# Exercise
Copy the entries below exactly. Images do not belong in the copy.

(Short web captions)
⟨

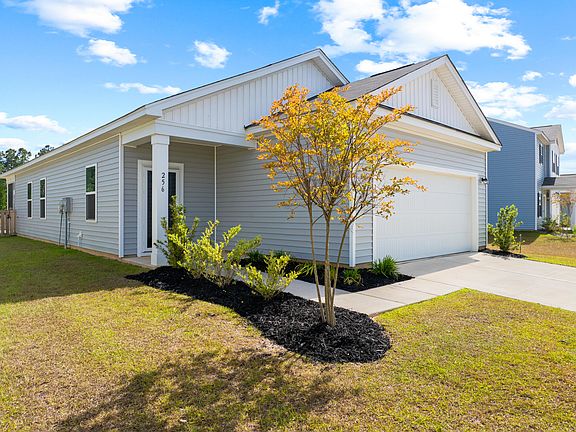 4th image of 256 Phoenix Dr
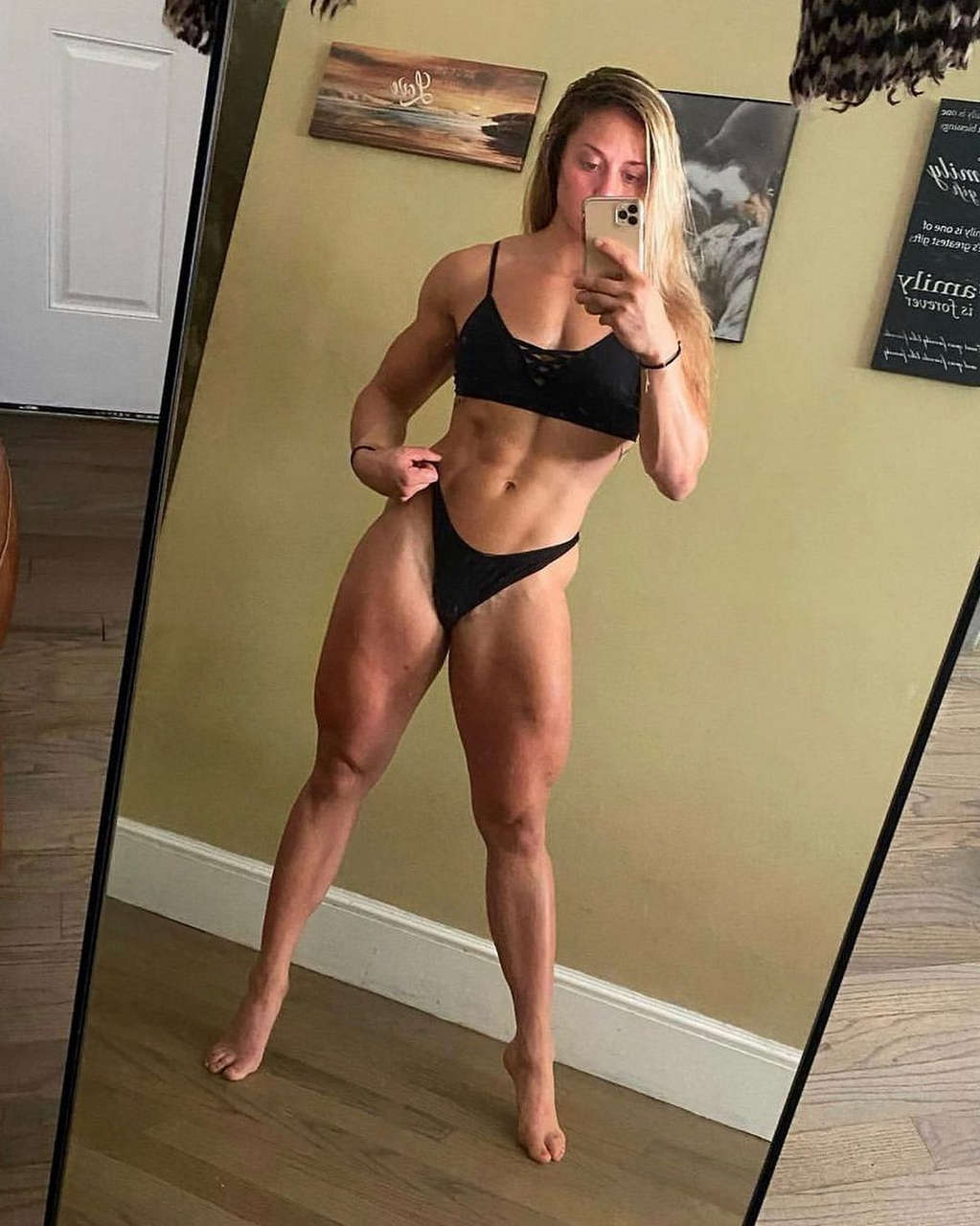 Cassie Kardias Muscles
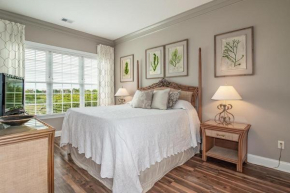 Bright and Airy 3 Bedroom Villa Marsh Views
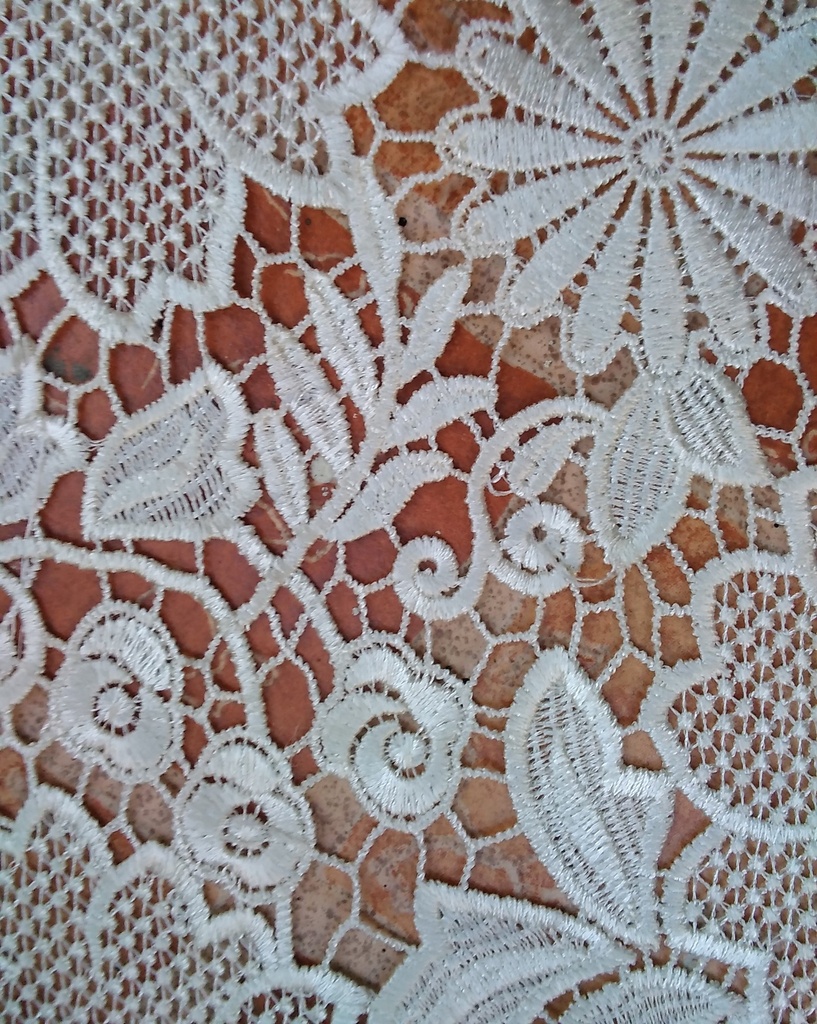 [CH 124 100% POLYESTER (120-125 CMS) (Lace)] CH 124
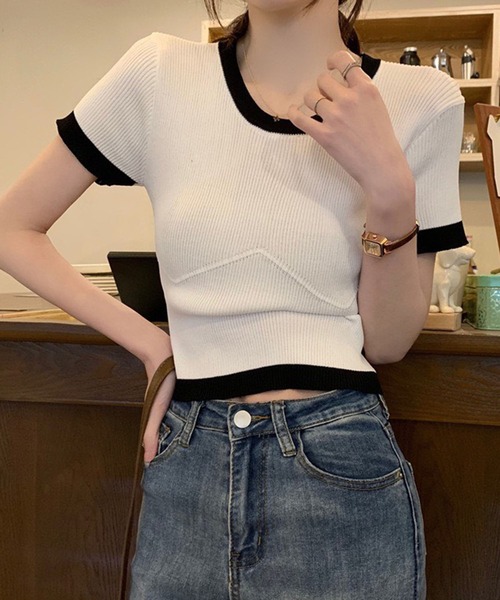 GLAMOROUS JANE(グラマラスジェーン)の「配色リブクロップド丈ニット(ニット/セーター・レディース・ホワイト/ブラック・FREE)」の2枚目の写真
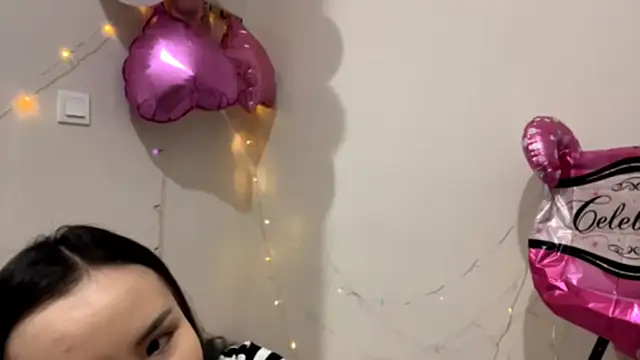 Snapshot of CarollFalick chatting on October 25, 2025, 12:13 pm CarollFalick online show from October 25, 2025, 12:13 pm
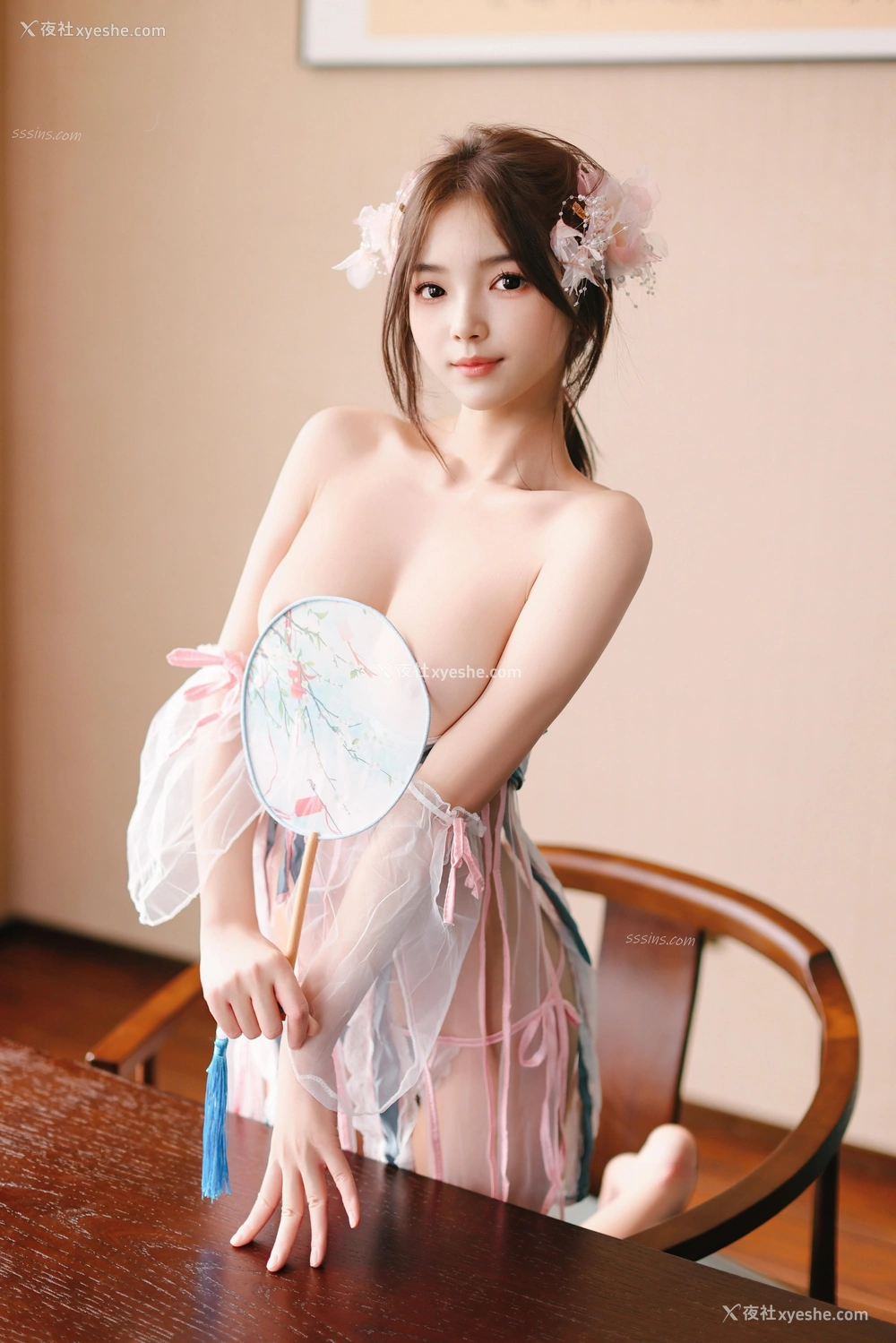 1P - 秀人网 新晋美模 苏软软 – 超清无水印完整版《古装小萝莉》 [123P]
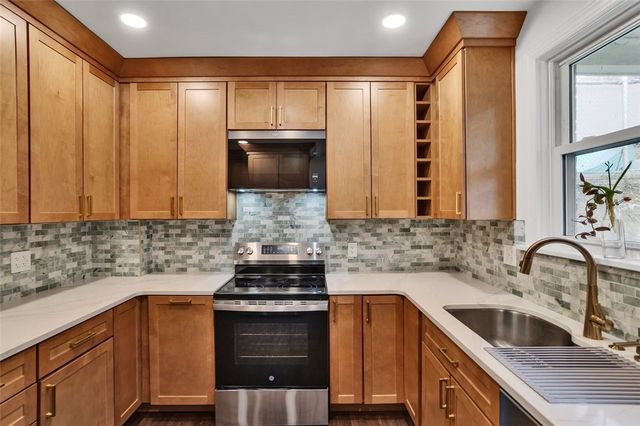 180 Richbarn Rd, Brighton Heights, PA 15212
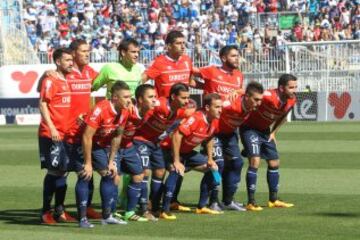 El equipo de Universidad Católica posa para los fotógrafos antes del partido de primera división contra O'Higgins.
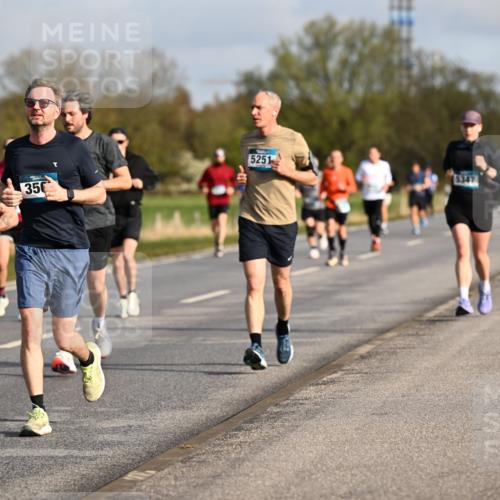 12.04.2026 - 45. Internationalen Wilhelmsburger Insellauf Dr. Thomas Lammeyer http://msf.ph/oto/9433657 12.04.2026 09:18:52 Laufen 40, 350, 5251, 5347 meine-sportfotos.de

⟩

# Answer to this exercise
 4th image of 256 Phoenix Dr
 Cassie Kardias Muscles
 Bright and Airy 3 Bedroom Villa Marsh Views
 [CH 124 100% POLYESTER (120-125 CMS) (Lace)] CH 124
 GLAMOROUS JANE(グラマラスジェーン)の「配色リブクロップド丈ニット(ニット/セーター・レディース・ホワイト/ブラック・FREE)」の2枚目の写真
 Snapshot of CarollFalick chatting on October 25, 2025, 12:13 pm CarollFalick online show from October 25, 2025, 12:13 pm
 1P - 秀人网 新晋美模 苏软软 – 超清无水印完整版《古装小萝莉》 [123P]
 180 Richbarn Rd, Brighton Heights, PA 15212
 El equipo de Universidad Católica posa para los fotógrafos antes del partido de primera división contra O'Higgins.
 12.04.2026 - 45. Internationalen Wilhelmsburger Insellauf Dr. Thomas Lammeyer http://msf.ph/oto/9433657 12.04.2026 09:18:52 Laufen 40, 350, 5251, 5347 meine-sportfotos.de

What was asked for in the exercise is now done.